Thermal and catalytic decomposition behavior of PVC mixed plastic waste with petroleum residue

Abstract

The pyrolysis and hydropyrolysis of PVC mixed plastic waste alone and with petroleum residue was carried out at 150 and 350 °C under N 2 gas and at 430 °C under 6.5 MPa H 2 gas pressure. The behavior of plastic waste during thermal and catalytic decomposition has also been studied in single- and two-stage reaction processes. In the individual pyrolysis process, both the petroleum residue and polystyrene (PS) undergo more than 90% conversion to liquid and gaseous products, whereas low-density polyethylene (LDPE) and high-density polyethylene (HDPE) yielded lower conversions products, and polypropylene (PP) and polyvinyl chloride (PVC) afforded somewhere a moderate to high conversion products.

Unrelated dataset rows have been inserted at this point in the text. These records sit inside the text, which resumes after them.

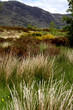 Die Farben der Highlands Die Farben der Highlands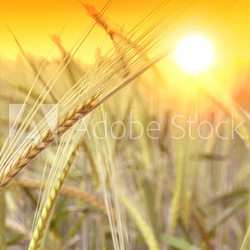 Wheat field and sunrise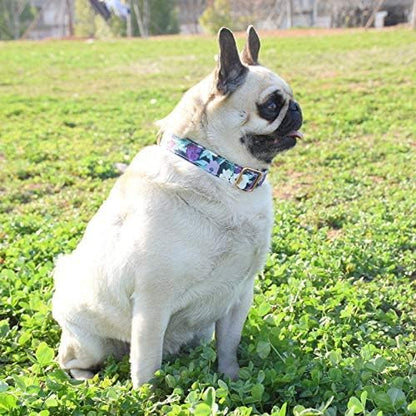 Metal Buckle Dog Collar, Durable Adjustable Dog Collar Soft for Small Medium Large Dogs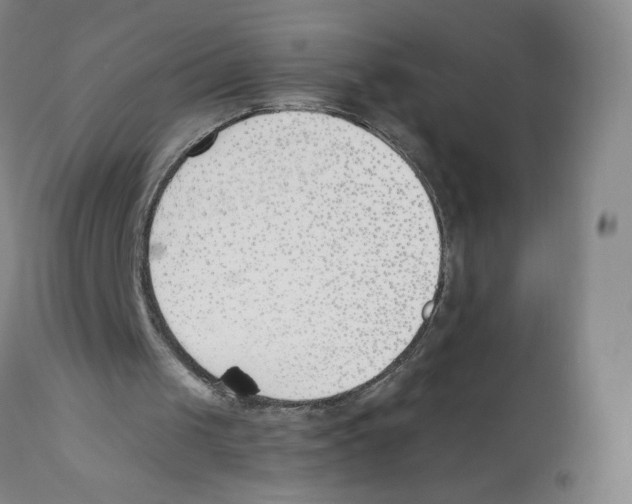 X0000110900049200907161602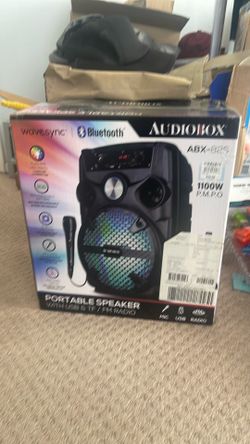 Portable speaker with usb /fm radio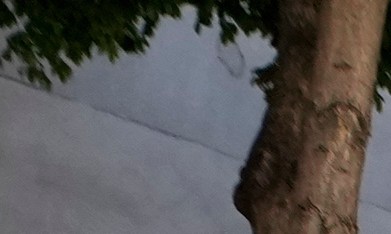 María Corina Machado en Venezuela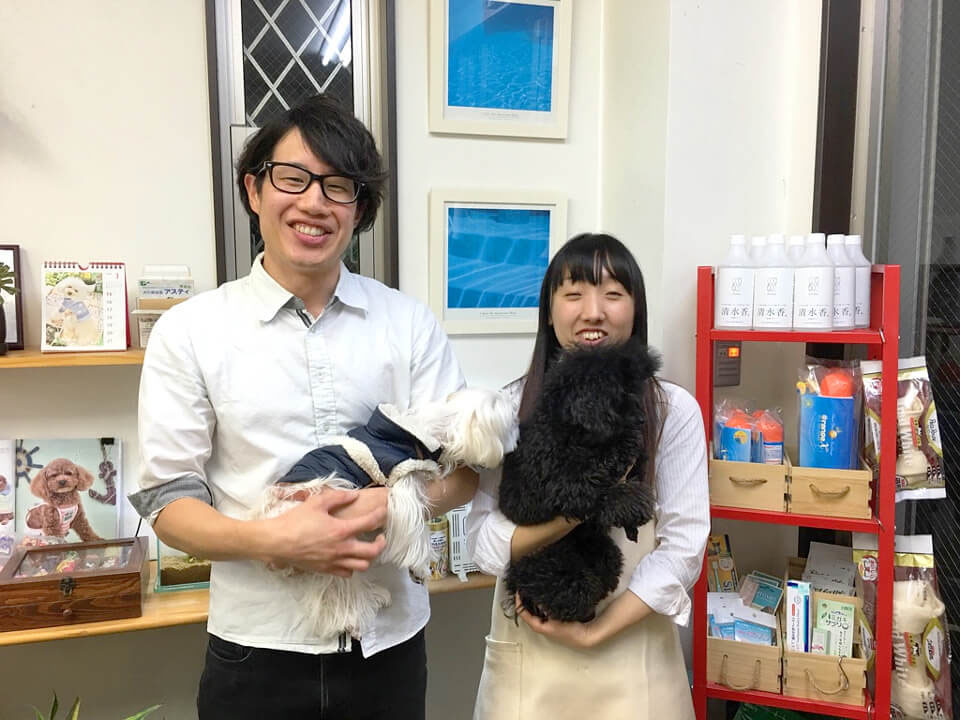 犬の美容室アスティ 蘇我店 犬の美容室アスティ 蘇我店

In a single-stage pyrolysis reaction, PVC was processed with petroleum residue at 150 and 430 °C, under N 2 gas for 1 h at each temperature in a glass reactor. The model PVC and waste PVC showed slight variations in the products distribution obtained from the glass reactor. In two-stage process, model PVC, vacuum gas oil (VGO) and a number of different catalysts were used in a stainless steel autoclave micro tubular reactor at 350 °C under the stream of N 2 gas for 1 h and at 430 °C under 950 psi (6.5 MPa) H 2 pressure for the duration of 2 h. Significantly, different products distributions were obtained. Among the catalysts used, fluid catalytic cracking (FCC) and hydrocracking catalysts (HC-1) were most effective in producing liquid fuel (hexane soluble) materials. The study shows that the catalytic coprocessing of PVC with VGO is a feasible process by which PVC and VGO materials can be converted into transportation fuels.